Despite their differences, the reformist and revolutionary branches of socialism remained united until the outbreak of World War I. The war proved to be the final straw that pushed the tensions between them to breaking point[citation needed]. The reformist socialists supported their respective national governments in the war, a fact that was seen by the revolutionary socialists as outright treason against the working class (Since it betrayed the principle that the workers "have no nation", and the fact that usually the lowest classes are the ones sent into the war to fight, and die, putting the cause at the side)[citation needed]. Bitter arguments ensued within socialist parties, as for example between Eduard Bernstein (reformist socialist) and Rosa Luxemburg (revolutionary socialist) within the Social Democratic Party of Germany (SPD). Eventually, after the Russian Revolution of 1917, most of the world's socialist parties fractured.
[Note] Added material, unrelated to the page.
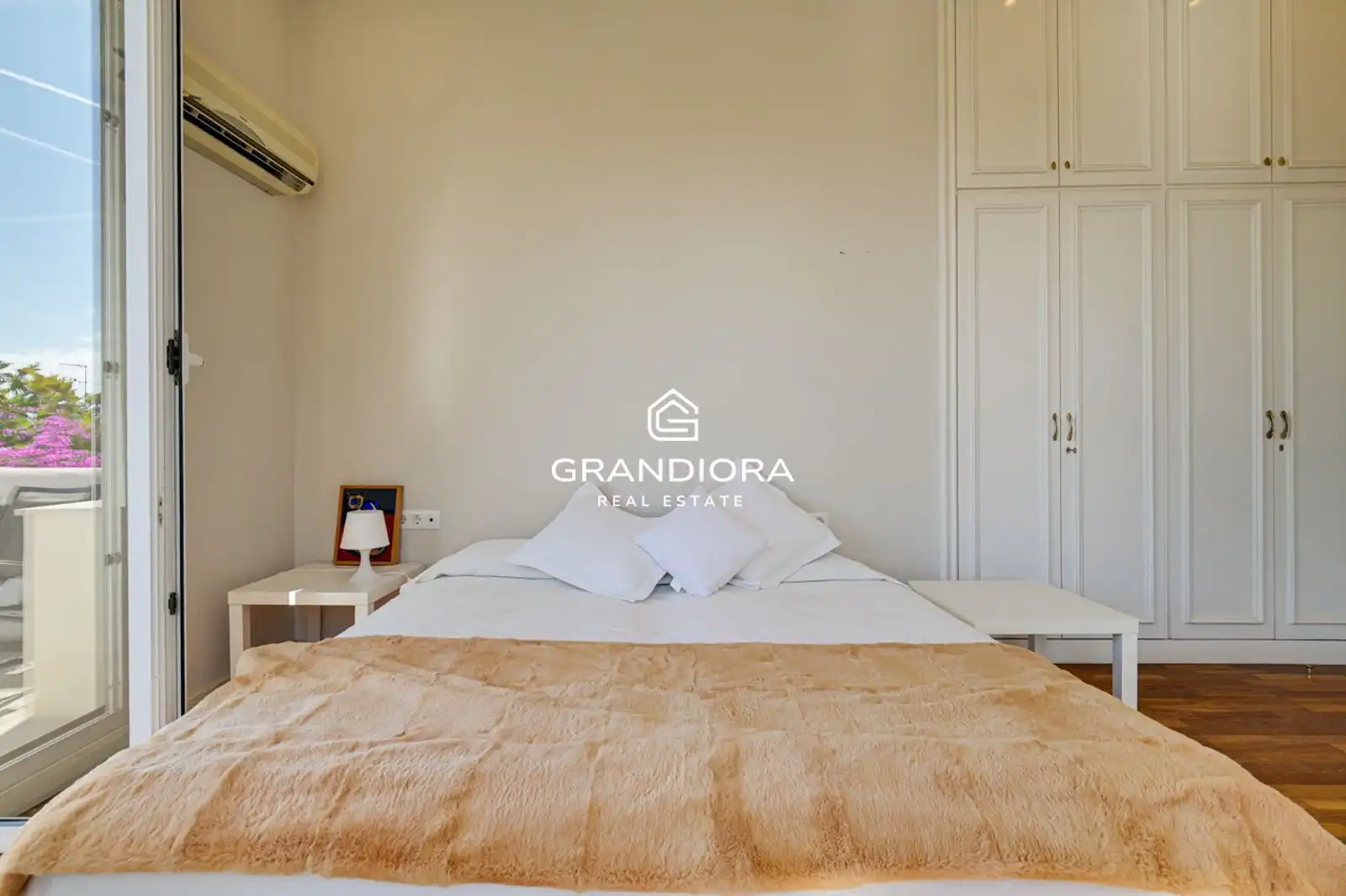Bedroom of Houses for sale in El Masnou  with Air Conditioner, Terrace and Swimming Pool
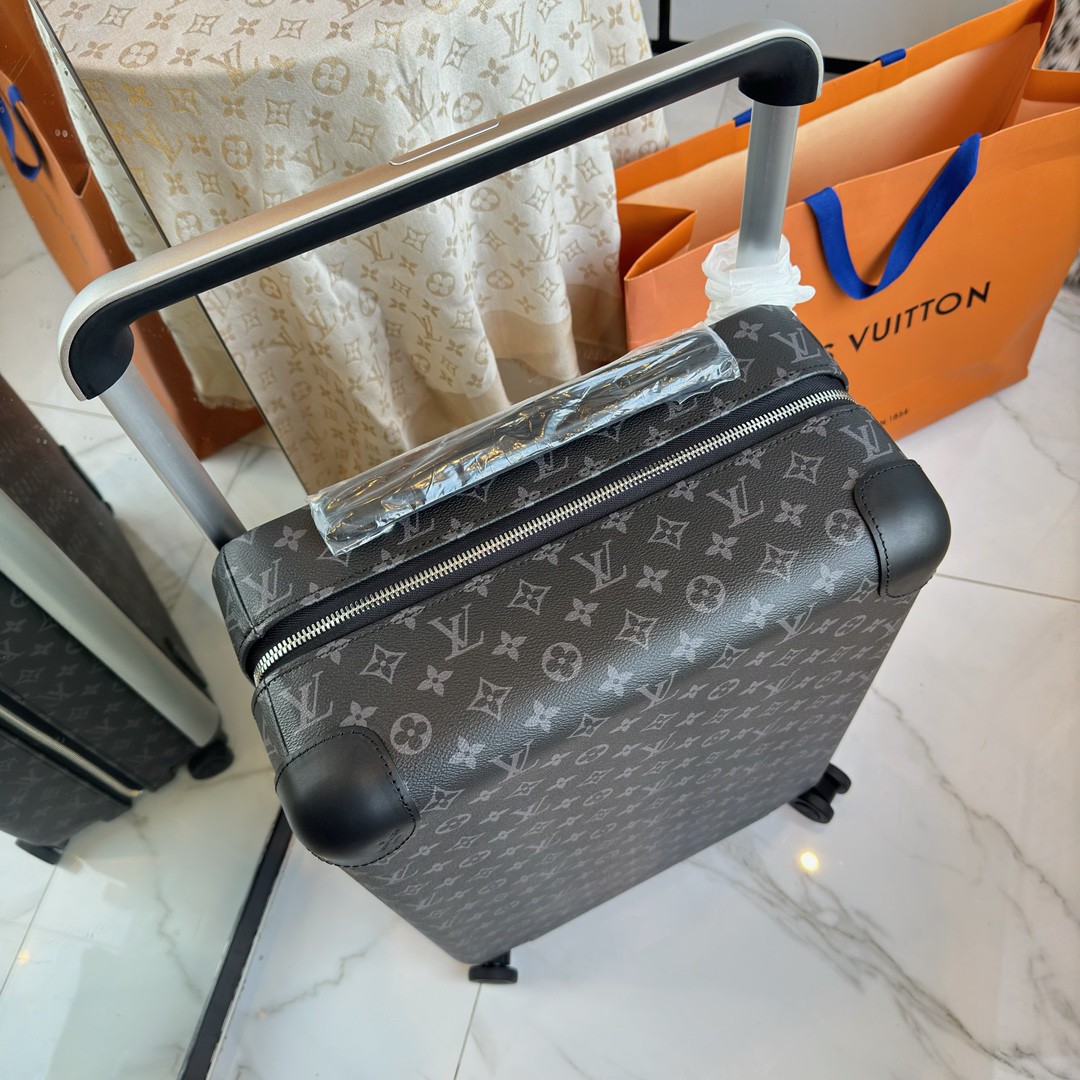LV luggage-86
The reformist socialists kept the name "Social democrats", while the revolutionary socialists began calling themselves "Communists", and soon formed the modern Communist movement. (See also Comintern)
Since the 1920s, doctrinal differences have been constantly growing between social democrats and Communists (who themselves are not unified on the way to achieve socialism), and Social Democracy is mostly used as a specifically Central European label for Labour Parties since then, especially in Germany and the Netherlands and especially since the 1959 Godesberg Program of the German SPD that rejected the praxis of class struggle altogether.
[edit] Socialism
The Marxist-Leninist form of government has been in decline since the collapse of the Soviet Union and its satellite states. Very few countries have governments which describe themselves as socialist. As of 2007, Laos, Vietnam, Cuba, and the People's Republic of China had governments in power which describe themselves as socialist in the Marxist sense[citation needed].
On the contrary, electoral parties which describe themselves as socialist or democratic socialist are on the rise, joined together by international organizations such as the Socialist International and the Fourth International. Parties described as socialist are currently dominant in Third World democracies and serve as the ruling party or the main opposition party in most European democracies. Eco-socialism, and Green politics with a strong leftist tinge, are on the rise in European democracies.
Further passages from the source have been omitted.